Il y a Egalement de gros changements dans la communication, avec une médiatisation qui
préfère souvent les scandales scientifiques à l'explication patiente des découvertes. Les médias
cherchent à rendre l'information plus visuelle et spectaculaire, négligeant parfois les nuances
des controverses scientifiques.
Du côté du public, la confiance envers la science a été ébranlée par les problèmes liés au
progrès, et la demande de vulgarisation varie selon les domaines scientifiques. L'existence de
publics multiples rend la gestion de ces relations plus complexe.
Le passage de la vulgarisation à la communication des sciences a engendré de nouvelles
dynamiques impliquant quatre acteurs clés : la science, la politique, la communication et les
publics. Il est question dans cet article principalement de la communication. La communication
ne se limite plus à la simple transmission de connaissances, mais implique la gestion de logiques
contradictoires au sein d'une société ouverte où de nombreuses voix s'expriment.
De nombreuses questions sont également soulevées, en particulier sur la médiatisation des
sciences, les rôles des médiateurs, et la place de l'expertise. Le décalage entre la demande
croissante de connaissances et la réticence à accepter les mécanismes de production des
connaissances scientifiques, notamment les controverses, est mis en avant.

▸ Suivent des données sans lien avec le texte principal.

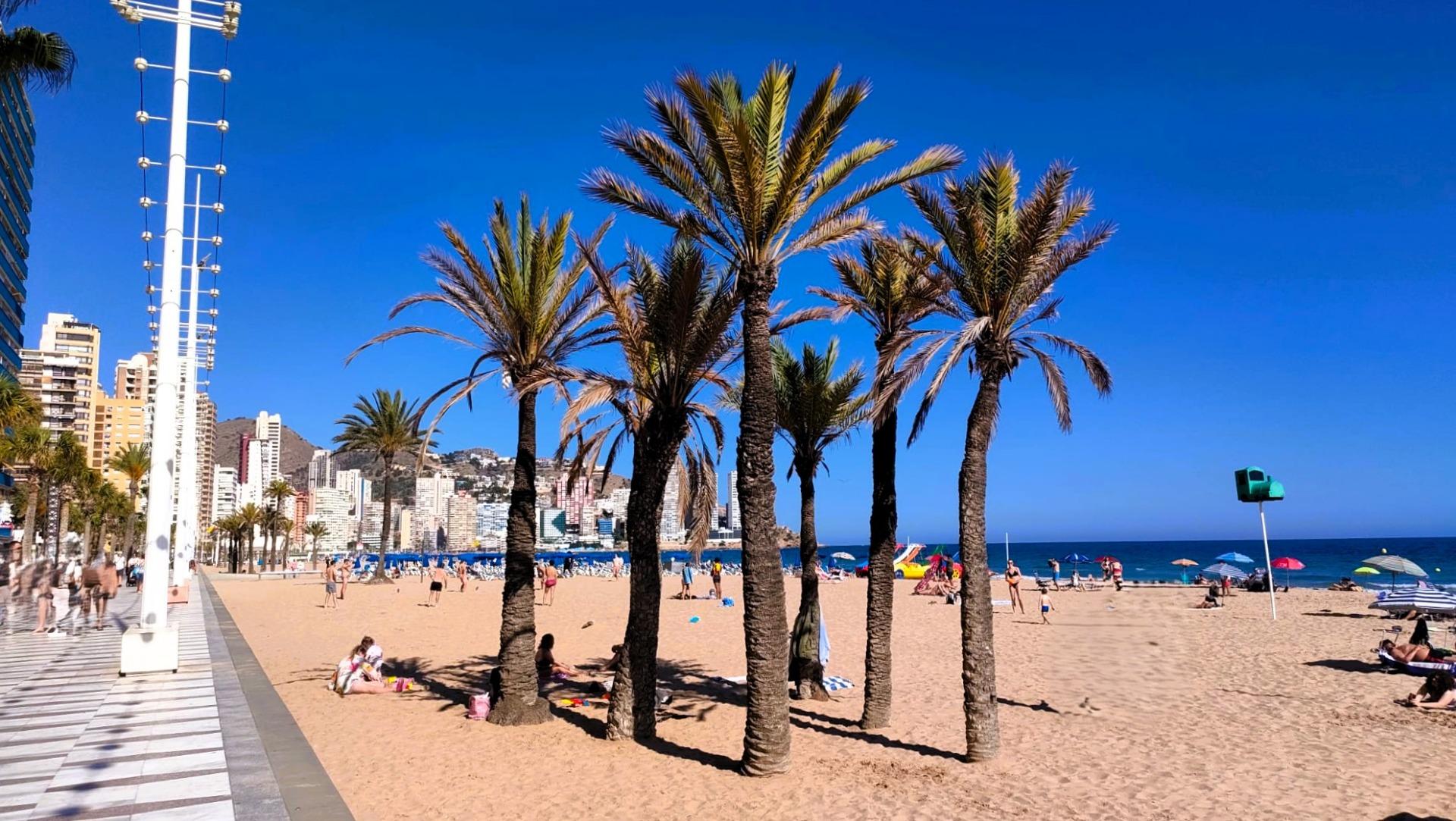 Expectacular vivienda con vistas al mar en Benidorm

Enfin, un Probleme majeur est la question de l'existence et du rôle de la communauté scientifique
dans un contexte où les intérêts individuels, les rapports de force et les enjeux économiques
prennent le dessus. L'objectif est désormais de comprendre le rôle central de la communication
dans les relations entre la science, la culture et la société, en reconnaissant que la
communication consiste moins à transmettre des connaissances qu'à gérer la cohabitation de
logiques contradictoires.

Il est intéressant de se pencher sur l’intérêt des médias pour l’actualité scientifique. Comme
précisé dans cet article, les médias préfèrent largement couvrir une actualité qui fait sensation
plutôt que des faits scientifiques en raison de la possibilité de créer des titres plus accrocheurs
et d’attirer un plus large public. C’est un problème majeur de la majorité des revues de
vulgarisation scientifiques telles que « science et vie » et autres dérivés qui ont depuis quelques
temps changé de ligne éditoriale en quittant une actualité scientifique avec un état de la
recherche en temps presque réel, pour une actualité qui fait plus sensation.